Your first camera

Good thread -

First camera I used - My dad's Praktica MTLR 3 - East German SLR - I can still hear the sound of the mirror - clunk - it was like a draw-bridge going up and down.

First camera I bought myself - Lubitel 2 - Soviet era 6x6. Super basic but my 12 year-old self loved it.

First cameras used professionally - Olympus OM single digit series. I put hundreds of rolls of film through them. They always worked, the lenses were superb. The metering system in the OM3ti and OM4ti versions is probably the best I have used in any camera I have owned.

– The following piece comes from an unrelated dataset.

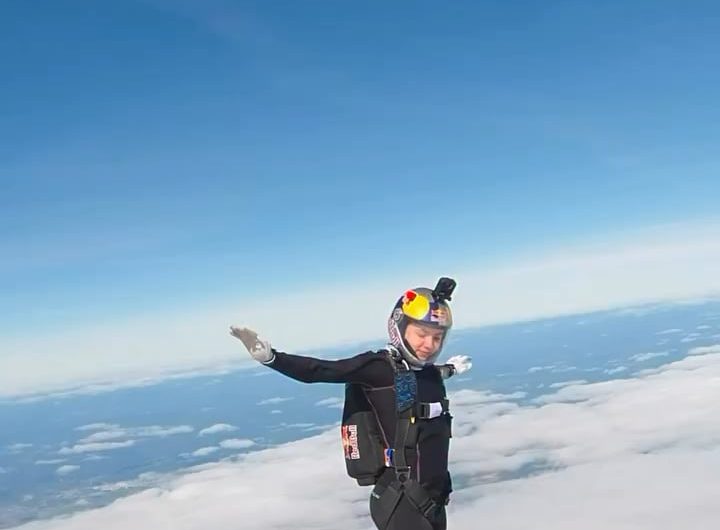 Skydiver appears to walk on clouds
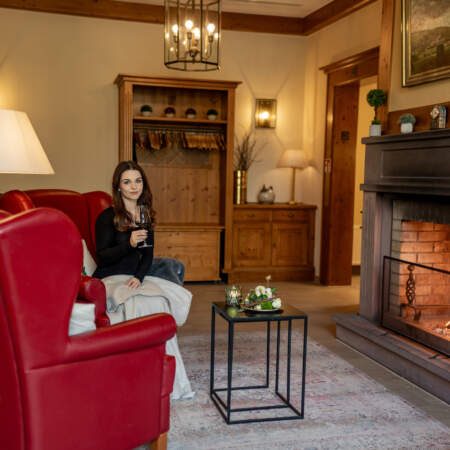 Frau mit Getränk in der gemütlichen Kamin-Lounge des Hotel Alter Packhof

I still have them all - I couldn't bear to part with them.

cheers - I.
 
The first camera I owned was bought by myself circa 1 year ago - a Pentax K-S2, in white. It's a lovely camera with IBS (irritable bowel syndrome? o_O) and a pentaprism viewfinder. 18-50mm waterproof stock lens to go with the waterproof camera makes a good coupling. I'm hankering for a prime lens now, however, before my holiday in Belgium in August!
 
Good thread -

First camera I used - My dad's Praktica MTLR 3 - East German SLR - I can still hear the sound of the mirror - clunk - it was like a draw-bridge going up and down.

First camera I bought myself - Lubitel 2 - Soviet era 6x6. Super basic but my 12 year-old self loved it.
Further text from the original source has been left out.